Martin Fröst pendant l’Ave Maria de Gounod donné en bis. A gauche Genevière Laurenceau, violon solo, à droite Sarah Inacu, violoncelle solo – Photo Classictoulouse –

Le succès est tel que le clarinettiste offre deux bis au public fasciné. Il s’entoure tout d’abord des chefs des cinq pupitres de cordes de l’orchestre pour délivrer une version, probablement personnelle, de l’Ave Maria de Gounod. Le clarinettiste s’y réserve l’« accompagnement », directement inspiré du prélude du premier livre du Clavier bien tempéré de Bach, confiant aux cordes le partage de la mélodie. Il délivre ensuite une pièce effervescente de sa propre composition qui combine la voix et l’instrument.

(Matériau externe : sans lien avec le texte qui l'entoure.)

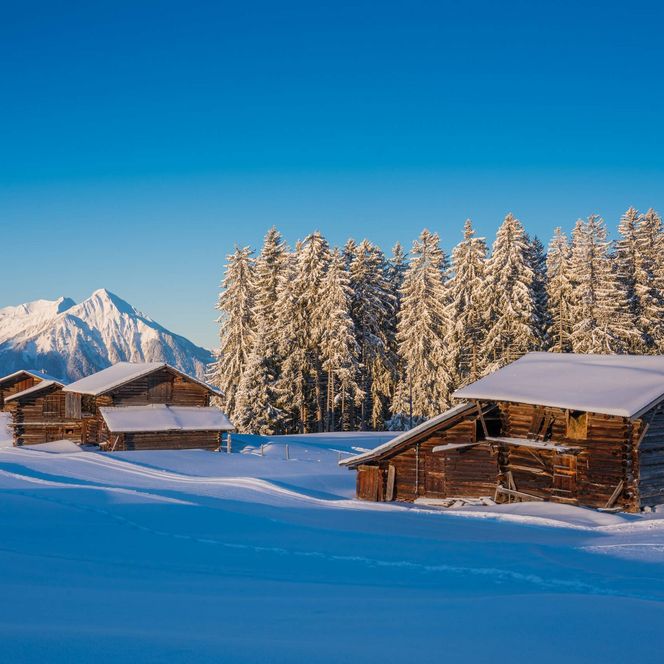 Verschneite Alplandschaft in Beatenberg mit Blick auf den Niesen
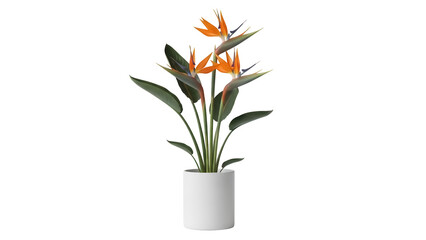 Strelitzia reginae isolated PNG, bird of paradise flower in pot on transparent background, tropical...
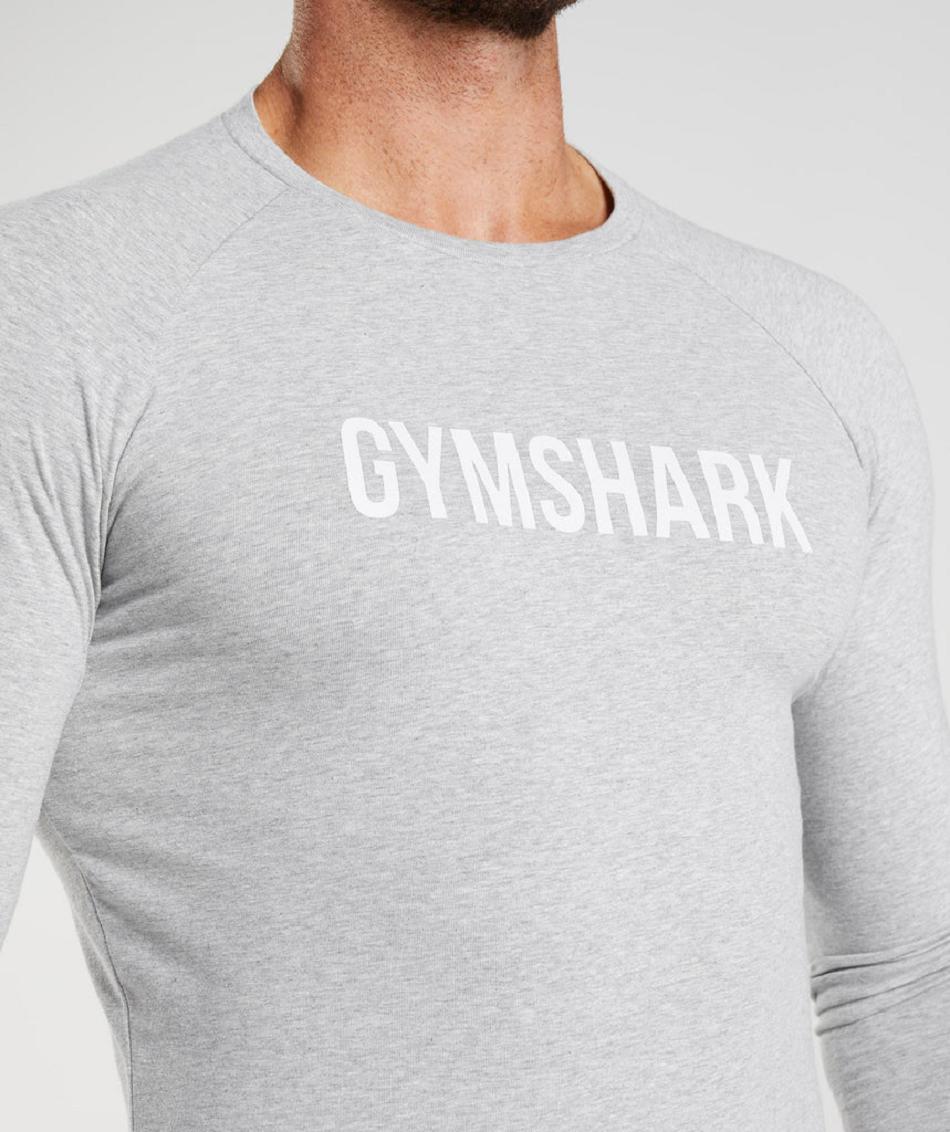 Long Sleeve Gymshark Apollo Hombre Gris Claro | CO 3527SGL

Un feu d’artifice salué par une nouvelle ovation.

Le complément orchestral de la soirée n’est pas en reste. Giovanni Antonini a choisi d’ouvrir le concert sur une symphonie d’un compositeur totalement méconnu, contemporain exact de Mozart, Joseph Martin Kraus. Sa musique, tout au moins celle de cette riche partition, est une véritable révélation, comme un maillon reliant Haydn et Mozart. L’angoisse émerge des premières mesures du Larghetto initial, frémissant de dissonances et de chromatisme, à la manière du fameux Quatuor « Les dissonances » de Mozart. Le dramatisme qui enchaîne plante le décor très Sturm und Drang de toute l’œuvre. Après la détente bienvenue de l’Andante, la course haletante, passionnée du final ne relâche jamais sa tension. La direction acérée du chef, le vibrato économe des cordes, l’utilisation des flûtes en bois, le choix de phrasés subtils donnent toute sa force à cette belle musique à découvrir absolument.

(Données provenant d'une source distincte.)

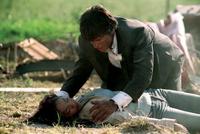 Smallville (TV) - 8 x 10 Color Photo #029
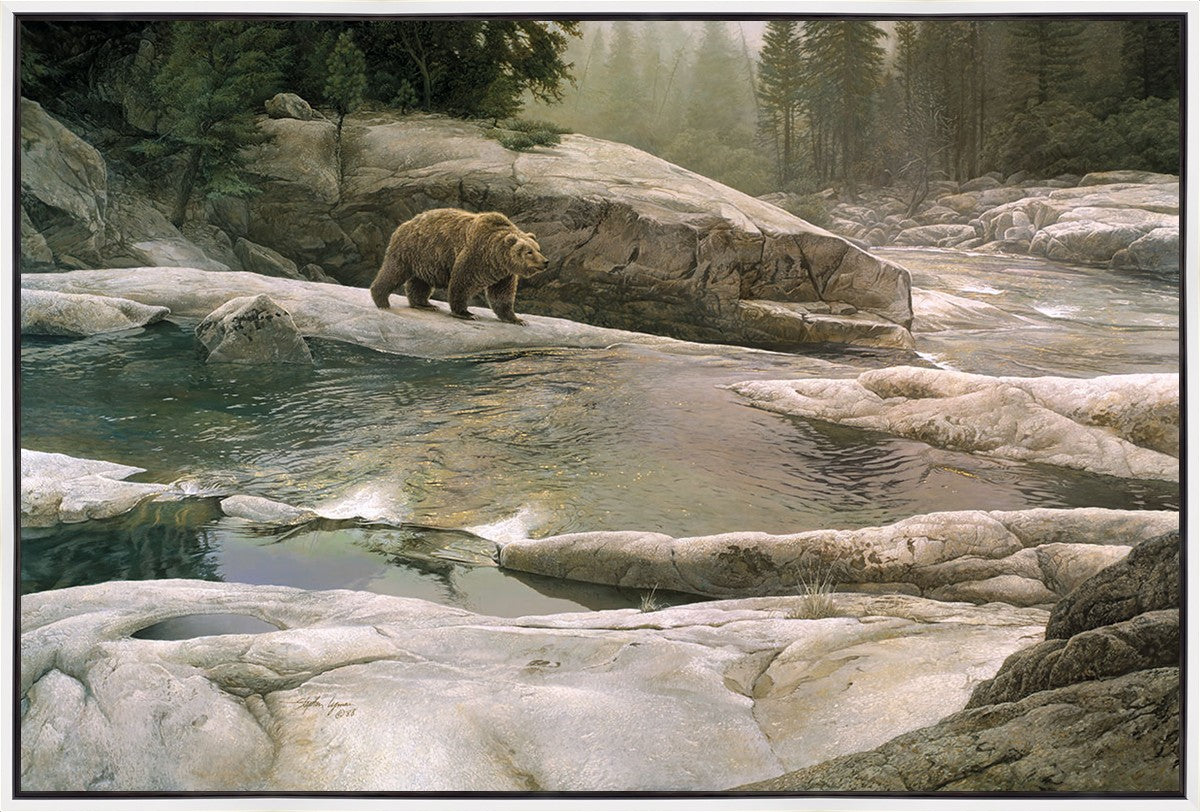 Uzumati - Great Bear of Yosemite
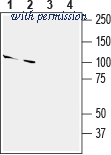 Alomone Labs ASR-082 image 1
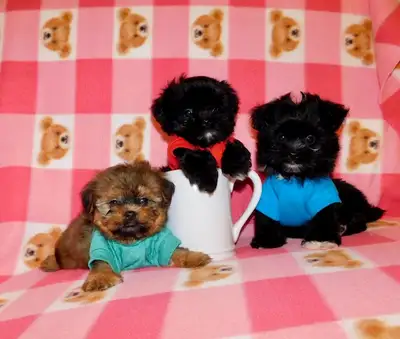 Tiny toy maltipoo puppies, View more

Giovanni Antonini à l’issue du concert, acclamé par le public et les musiciens

– Phoro Classictoulouse –

Nettement moins rare, la symphonie n° 8 en fa majeur de Beethoven, n’en est pas pour autant la plus populaire. Le mélange de légèreté, d’humour, de lumière, contraste profondément avec le caractère dionysiaque de la Septième et la vision cosmique de la Neuvième. Le chef italien en exalte la verve, la vitalité grâce au choix d’un élan rythmique irrésistible. La vitalité frémissante de cette œuvre étonnante se nourrit du sens affuté des crescendos, de l’établissement de dialogues permanents entre les pupitres que le chef suscite. L’humour caustique de l’Allegretto scherzando, hommage sibyllin à l’inventeur du métronome, Johann Nepomuk Maelzel, le charme bonhomme du Tempo di Minuetto conduisent à l’épanouissement rythmique de l’énergie concentrée dans un éblouissant Finale. Une nouvelle ovation salue cette interprétation qui recharge les batteries de chacun en cette approche de l’hiver.